Anfang des 5. Jahrhunderts endete mit den Germaneneinfällen die römisch geprägte Besiedlung. Der folgende Wüstungsprozess veränderte die Landschaft radikal. Weite Teile der römischen Kulturlandschaft wurden von Wäldern zurückerobert und erst nach Jahrhunderten wieder urbar gemacht. [Anm. 4]
0.2.Dorfgründung
Die Gründung der Siedlung Sobernheim fällt in die Zeit der fränkischen Landnahme. Nach dem Sieg über die Alemannen besiedelten die Franken das eroberte Land. Ins Nahetal drangen sie flussaufwärts bis Kirn. Die damals im 6. Jahrhundert entstandenen Siedlungen waren Haufendörfer, d. h. lockere, ziemlich regellose Ansammlungen von Hofstätten, und erhielten in der Regel ihre Namen von dem Gründer oder ersten Besitzer, dem die Silbe „-heim“ angehängt wurde.
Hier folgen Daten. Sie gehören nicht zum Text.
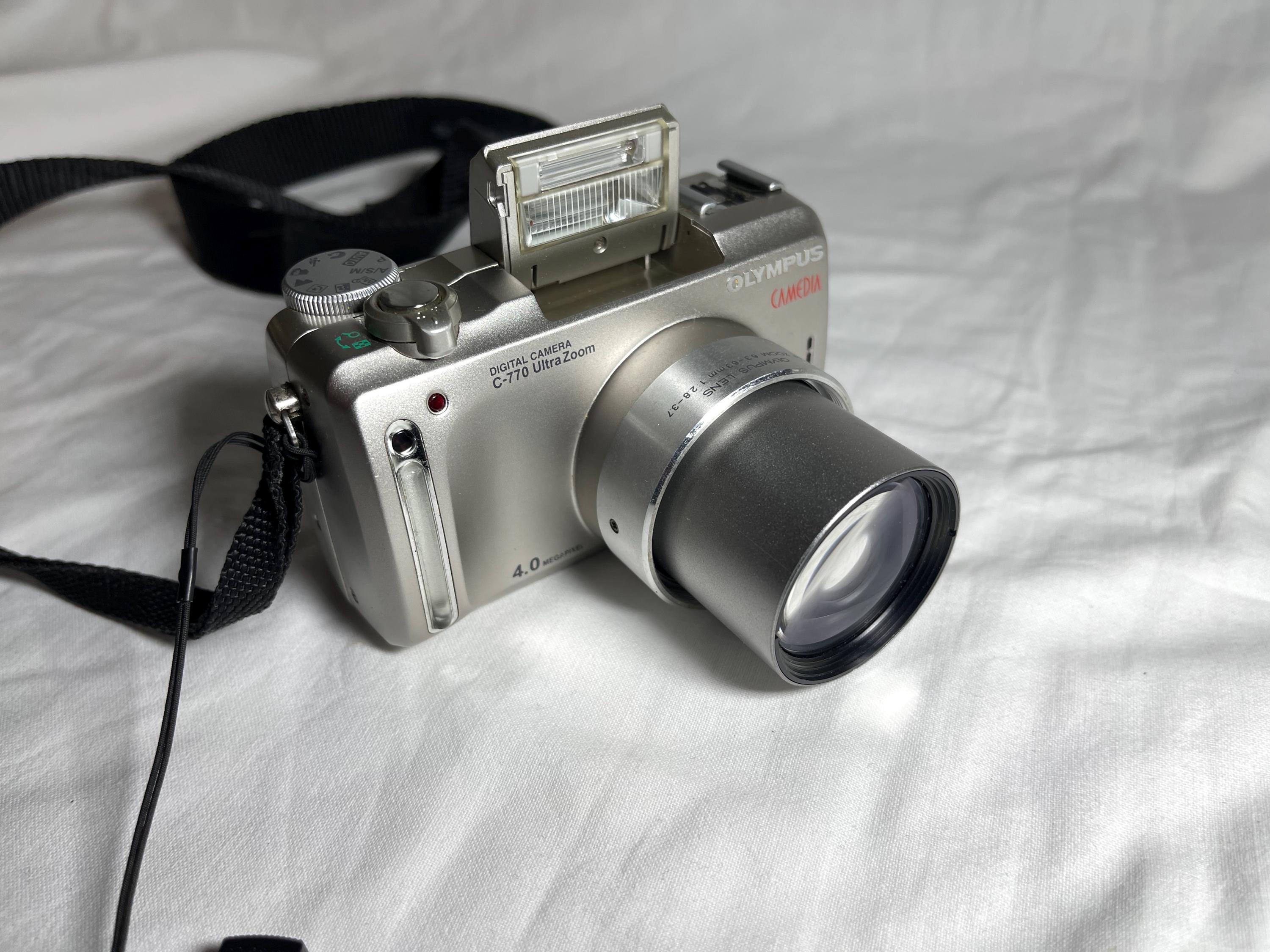 OLYMPUS/CAMEDIA C-770 ULTRA ZOOM/中古/コンデジ Olympus Camedia C-770 Ultrazoom Vintage Y2k Digital Camera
In Sobernheim war es vermutlich ein Franke namens „Sobero“ oder „Subaro“. [Anm. 5]
Die damals entstandene Siedlung Sobernheim lag in einer fruchtbaren Talweitung der Nahe außerhalb des Hochwasserbereiches in dem vor Wind und Wetter geschützten Winkel der Niederterrasse zwischen dem Domberg, dem Hüttenberg und jenem Teil der Mittelterrasse, auf dem heute der Friedhof liegt. Der Dornbach, welcher damals noch durch Herrenstraße und Fröschengasse (die heutige Saarstraße) floss, sorgte für ausreichendes Wasser, einer lebenswichtigen Voraussetzung für jede bäuerliche Ansiedlung. Rückschlüsse aus den Höhenprofilen im Stadtgebiet und dem Straßenverlauf machen wahrscheinlich, dass das ursprüngliche fränkische Haufendorf zwischen der Saarstraße, dem Marktplatz und auf beiden Seiten der mittleren Großstraße gelegen haben muss. Aus der Gründungszeit ist ein frühmerowingisches Tongefäß erhalten. Es handelt sich um den ältesten Fund im mittleren Nahetal aus der nachrömischen Zeit. [Anm. 6]
Dorferweiterung
Die Einführung des Christentums bedingte eine der ersten Erweiterungen des Dorfes. Die erforderlichen kirchlichen Gebäude konzentrierten sich auf das Gebiet zwischen Pfaffengasse, unterer Großstraße, Poststraße bis fast zur Igelsbachstraße. Hier standen die Pfarrkirche, ein Vorgängerbau der heutigen Matthiaskirche, und der Wohn- und Amtssitz des Ortsgeistlichen. Neben den Pfarrgebäuden war auch der Salhof (Herren- oder Fronhof) des Mainzer Erzstiftes angesiedelt. Er war das Verwaltungszentrum des umfangreichen Mainzer Grundbesitzes, der sich von Meddersheim bis Oberhausen sowie Glan aufwärts bis Meisenheim erstreckte.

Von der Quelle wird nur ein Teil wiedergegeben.